Уходящие в вечность | страница 41
Недавно я нашел новые подтверждения данной истории. В исследовании Р. Бидлак «Рабочие ленинградских заводов в первый год войны» сообщается, что из 713 работников кондитерской фабрики имени Крупской, трудившихся здесь в конце 1941 – начале 1942 года, никто не умер от голода. В то же время на заводе «Севкабель» умирало по пять человек в день. Профессор Сергей Яров приводит в книге «Блокадная этика» свидетельства ленинградцев о том, что «сыты были только те, кто работал на хлебных местах».

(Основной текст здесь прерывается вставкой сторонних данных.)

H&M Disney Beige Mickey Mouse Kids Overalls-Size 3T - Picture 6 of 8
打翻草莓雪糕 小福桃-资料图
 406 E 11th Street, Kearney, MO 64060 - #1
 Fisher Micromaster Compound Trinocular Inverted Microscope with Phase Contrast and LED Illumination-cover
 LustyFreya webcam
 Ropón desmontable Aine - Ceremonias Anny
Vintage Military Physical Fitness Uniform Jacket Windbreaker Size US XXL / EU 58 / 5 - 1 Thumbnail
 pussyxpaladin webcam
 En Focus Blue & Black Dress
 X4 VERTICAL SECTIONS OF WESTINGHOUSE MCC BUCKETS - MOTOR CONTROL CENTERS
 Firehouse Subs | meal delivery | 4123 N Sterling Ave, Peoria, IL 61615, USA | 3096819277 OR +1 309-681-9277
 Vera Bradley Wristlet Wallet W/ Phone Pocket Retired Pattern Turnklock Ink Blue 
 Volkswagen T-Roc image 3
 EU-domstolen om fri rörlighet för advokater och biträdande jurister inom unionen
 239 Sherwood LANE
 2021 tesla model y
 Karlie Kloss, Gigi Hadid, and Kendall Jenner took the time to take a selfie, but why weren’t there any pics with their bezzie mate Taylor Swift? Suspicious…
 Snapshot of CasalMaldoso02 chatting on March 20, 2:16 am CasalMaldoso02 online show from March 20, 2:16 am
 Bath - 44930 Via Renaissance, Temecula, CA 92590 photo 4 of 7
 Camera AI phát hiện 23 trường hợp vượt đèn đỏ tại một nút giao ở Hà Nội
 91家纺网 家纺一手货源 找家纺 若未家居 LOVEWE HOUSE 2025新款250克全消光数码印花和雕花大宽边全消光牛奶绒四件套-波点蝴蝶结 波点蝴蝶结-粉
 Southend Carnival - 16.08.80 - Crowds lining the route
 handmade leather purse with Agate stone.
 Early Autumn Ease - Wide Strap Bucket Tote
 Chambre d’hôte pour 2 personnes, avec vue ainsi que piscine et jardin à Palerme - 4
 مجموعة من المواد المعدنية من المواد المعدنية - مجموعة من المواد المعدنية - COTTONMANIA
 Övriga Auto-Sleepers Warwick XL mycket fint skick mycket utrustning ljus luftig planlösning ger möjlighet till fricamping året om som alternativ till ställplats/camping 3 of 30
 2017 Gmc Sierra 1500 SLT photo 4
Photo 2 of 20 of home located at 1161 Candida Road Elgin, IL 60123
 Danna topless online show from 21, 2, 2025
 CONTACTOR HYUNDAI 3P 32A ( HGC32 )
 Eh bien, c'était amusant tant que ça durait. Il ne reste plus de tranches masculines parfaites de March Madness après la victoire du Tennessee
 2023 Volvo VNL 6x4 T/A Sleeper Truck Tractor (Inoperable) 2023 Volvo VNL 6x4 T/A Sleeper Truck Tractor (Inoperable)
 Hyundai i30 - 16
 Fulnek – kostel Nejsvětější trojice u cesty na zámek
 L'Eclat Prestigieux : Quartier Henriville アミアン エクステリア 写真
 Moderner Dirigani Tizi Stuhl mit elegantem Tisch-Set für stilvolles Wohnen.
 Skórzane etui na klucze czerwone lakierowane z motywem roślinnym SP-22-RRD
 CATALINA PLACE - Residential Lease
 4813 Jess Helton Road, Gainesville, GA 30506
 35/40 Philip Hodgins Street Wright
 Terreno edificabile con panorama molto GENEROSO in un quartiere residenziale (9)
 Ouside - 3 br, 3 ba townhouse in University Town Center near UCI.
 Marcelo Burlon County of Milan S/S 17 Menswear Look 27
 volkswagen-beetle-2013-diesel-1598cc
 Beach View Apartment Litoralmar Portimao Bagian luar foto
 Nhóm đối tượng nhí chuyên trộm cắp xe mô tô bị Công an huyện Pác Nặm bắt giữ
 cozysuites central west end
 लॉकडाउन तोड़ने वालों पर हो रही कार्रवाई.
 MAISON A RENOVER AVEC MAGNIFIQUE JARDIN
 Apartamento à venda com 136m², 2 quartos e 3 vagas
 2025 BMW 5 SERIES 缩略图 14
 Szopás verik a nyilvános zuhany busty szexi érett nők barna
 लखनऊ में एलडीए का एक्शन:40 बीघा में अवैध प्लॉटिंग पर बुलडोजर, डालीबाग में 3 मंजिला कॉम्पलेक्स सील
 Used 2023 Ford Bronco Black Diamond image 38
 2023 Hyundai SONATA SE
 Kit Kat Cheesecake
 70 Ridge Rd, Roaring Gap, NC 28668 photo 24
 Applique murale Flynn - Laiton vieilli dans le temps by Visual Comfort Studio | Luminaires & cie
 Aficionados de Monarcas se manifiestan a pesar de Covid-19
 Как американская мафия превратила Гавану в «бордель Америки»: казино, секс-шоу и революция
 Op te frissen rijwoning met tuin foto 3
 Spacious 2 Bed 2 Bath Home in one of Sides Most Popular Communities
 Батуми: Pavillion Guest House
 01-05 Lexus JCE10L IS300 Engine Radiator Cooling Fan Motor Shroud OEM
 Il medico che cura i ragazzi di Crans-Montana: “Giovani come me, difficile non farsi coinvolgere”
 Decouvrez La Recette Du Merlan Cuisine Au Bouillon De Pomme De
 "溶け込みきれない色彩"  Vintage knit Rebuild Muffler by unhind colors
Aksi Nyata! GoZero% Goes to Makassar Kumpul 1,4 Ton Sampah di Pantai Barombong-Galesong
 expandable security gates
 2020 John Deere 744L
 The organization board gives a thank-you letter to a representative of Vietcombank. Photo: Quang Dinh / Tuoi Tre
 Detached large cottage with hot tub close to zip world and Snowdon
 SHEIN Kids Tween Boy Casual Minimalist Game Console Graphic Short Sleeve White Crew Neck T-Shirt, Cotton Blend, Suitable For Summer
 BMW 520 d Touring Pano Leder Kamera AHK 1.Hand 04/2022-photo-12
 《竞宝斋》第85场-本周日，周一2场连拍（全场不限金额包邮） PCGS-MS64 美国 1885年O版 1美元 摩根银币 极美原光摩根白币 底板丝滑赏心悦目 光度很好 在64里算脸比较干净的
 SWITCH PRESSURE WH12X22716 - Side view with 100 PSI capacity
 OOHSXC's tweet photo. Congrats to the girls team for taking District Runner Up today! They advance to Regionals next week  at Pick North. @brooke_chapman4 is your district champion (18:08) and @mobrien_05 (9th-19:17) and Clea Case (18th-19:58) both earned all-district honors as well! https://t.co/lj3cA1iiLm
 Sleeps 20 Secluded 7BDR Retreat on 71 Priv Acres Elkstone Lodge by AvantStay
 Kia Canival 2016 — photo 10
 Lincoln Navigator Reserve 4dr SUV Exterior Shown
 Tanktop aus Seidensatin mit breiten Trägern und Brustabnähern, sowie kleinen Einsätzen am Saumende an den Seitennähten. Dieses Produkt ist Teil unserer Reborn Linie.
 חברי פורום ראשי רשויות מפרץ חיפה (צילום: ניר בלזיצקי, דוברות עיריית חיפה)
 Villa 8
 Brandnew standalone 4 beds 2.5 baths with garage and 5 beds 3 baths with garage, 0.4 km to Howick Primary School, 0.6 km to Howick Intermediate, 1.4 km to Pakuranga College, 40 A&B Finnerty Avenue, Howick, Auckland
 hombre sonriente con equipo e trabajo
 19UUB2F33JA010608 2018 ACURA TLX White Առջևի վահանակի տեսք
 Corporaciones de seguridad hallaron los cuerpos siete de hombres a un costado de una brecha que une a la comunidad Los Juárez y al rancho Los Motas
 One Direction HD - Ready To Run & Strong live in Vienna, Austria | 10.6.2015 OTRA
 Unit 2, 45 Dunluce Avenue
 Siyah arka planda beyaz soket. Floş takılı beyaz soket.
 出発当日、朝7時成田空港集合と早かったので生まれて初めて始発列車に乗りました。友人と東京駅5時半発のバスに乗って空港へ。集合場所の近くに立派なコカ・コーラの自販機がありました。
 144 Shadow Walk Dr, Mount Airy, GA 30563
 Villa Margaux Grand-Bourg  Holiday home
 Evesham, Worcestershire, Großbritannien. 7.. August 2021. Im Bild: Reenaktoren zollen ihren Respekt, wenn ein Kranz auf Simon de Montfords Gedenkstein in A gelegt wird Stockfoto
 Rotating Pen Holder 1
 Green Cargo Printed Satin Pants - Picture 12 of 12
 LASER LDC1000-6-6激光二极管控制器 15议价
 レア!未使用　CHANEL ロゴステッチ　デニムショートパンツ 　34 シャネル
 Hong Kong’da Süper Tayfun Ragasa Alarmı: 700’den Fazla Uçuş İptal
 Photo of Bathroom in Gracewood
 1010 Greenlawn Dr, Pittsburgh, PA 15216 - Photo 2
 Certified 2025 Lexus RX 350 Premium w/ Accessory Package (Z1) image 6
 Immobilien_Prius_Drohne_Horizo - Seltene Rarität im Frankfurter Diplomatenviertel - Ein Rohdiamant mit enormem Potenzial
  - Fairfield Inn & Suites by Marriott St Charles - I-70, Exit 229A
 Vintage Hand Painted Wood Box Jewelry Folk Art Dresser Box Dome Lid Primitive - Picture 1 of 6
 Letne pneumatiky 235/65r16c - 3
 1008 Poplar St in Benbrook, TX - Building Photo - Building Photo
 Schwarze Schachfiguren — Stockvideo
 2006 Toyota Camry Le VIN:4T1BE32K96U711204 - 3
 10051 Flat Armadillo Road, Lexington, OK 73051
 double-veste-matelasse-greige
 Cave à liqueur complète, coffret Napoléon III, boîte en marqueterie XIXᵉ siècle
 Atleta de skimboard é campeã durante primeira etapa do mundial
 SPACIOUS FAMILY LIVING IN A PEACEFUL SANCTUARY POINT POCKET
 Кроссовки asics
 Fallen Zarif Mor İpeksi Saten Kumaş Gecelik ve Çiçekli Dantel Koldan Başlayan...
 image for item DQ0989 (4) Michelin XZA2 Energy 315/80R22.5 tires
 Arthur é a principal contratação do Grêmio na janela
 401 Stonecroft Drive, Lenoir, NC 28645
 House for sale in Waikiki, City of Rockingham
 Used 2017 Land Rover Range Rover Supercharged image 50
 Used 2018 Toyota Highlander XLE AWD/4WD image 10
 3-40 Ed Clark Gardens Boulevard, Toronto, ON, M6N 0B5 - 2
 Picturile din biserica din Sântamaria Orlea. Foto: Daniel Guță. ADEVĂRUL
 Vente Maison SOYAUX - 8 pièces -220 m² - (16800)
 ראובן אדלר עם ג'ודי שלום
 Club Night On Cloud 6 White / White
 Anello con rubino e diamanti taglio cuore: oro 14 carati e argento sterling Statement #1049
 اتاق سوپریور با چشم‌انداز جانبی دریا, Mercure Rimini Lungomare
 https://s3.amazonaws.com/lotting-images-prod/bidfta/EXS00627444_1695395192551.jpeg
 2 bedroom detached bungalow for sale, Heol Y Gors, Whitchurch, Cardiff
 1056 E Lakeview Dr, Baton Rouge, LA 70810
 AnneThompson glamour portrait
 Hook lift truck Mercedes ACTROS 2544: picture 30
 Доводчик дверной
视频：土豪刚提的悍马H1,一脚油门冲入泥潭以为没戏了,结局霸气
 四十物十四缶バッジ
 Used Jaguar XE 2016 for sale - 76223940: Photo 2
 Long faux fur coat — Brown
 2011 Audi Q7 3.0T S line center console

Петербургский историк Александр Кутузов обнаружил также интересные документы, касающиеся краж с кондитерских фабрик. По его данным, в декабре 1941 года зав. орготделом горкома партии Л. М. Антюфеев докладывал А. А. Жданову: «Особенно увеличились кражи на хлебозаводах и кондитерских фабриках. Например, извозчик Федоров (2-я кондитерская фабрика) пытался вынести несколько десятков пряников. В чемоданчике у агента снабжения Кузнецовой обнаружено 40 пирожных (!). 12 пряников пытался вынести с этой же фабрики зам. начальника снабжения Щербацкий».
В книге А. Пантелеева «Живые памятники» я прочитал, что в самую лютую пору блокады в адрес обкома ленинградских профсоюзов пришел телеграфный запрос из Куйбышева, куда эвакуировалось советское правительство: «Сообщите результаты лыжного кросса и количество участников». После этого я окончательно признал правоту Хассо Стахова, написавшего в «Трагедии на Неве», что «для красных господ предназначался пряник, а для народа – кнут и смерть».
Вспоминая Ковальчука
Первое, что приходит на память, – это спокойный, изучающий взгляд мудрого человека. С первых же минут общения с доктором исторических наук Валентином Михайловичем Ковальчуком я почувствовал к нему симпатию. Так бывает, когда встречаешь человека, у которого ты многому можешь научиться, чувствуя его отзывчивость и готовность поделиться своими знаниями и опытом. Валентин Михайлович стал моим наставником в теме блокады Ленинграда.
Видимо, и я был ему интересен, так как наши встречи в его квартире стали регулярными и не проходили бесследно. В новых его книгах я находил темы, которые мы до этого обсуждали. В первую очередь его интересовали мои разработки, касавшиеся действий немецких войск под Ленинградом. Валентину Михайловичу, как человеку, ориентированному на все новое, что появлялось в печати, интересно было узнать, о чем писал бывший противник в своих мемуарах. Здесь я оказался ему полезен как переводчик с немецкого языка.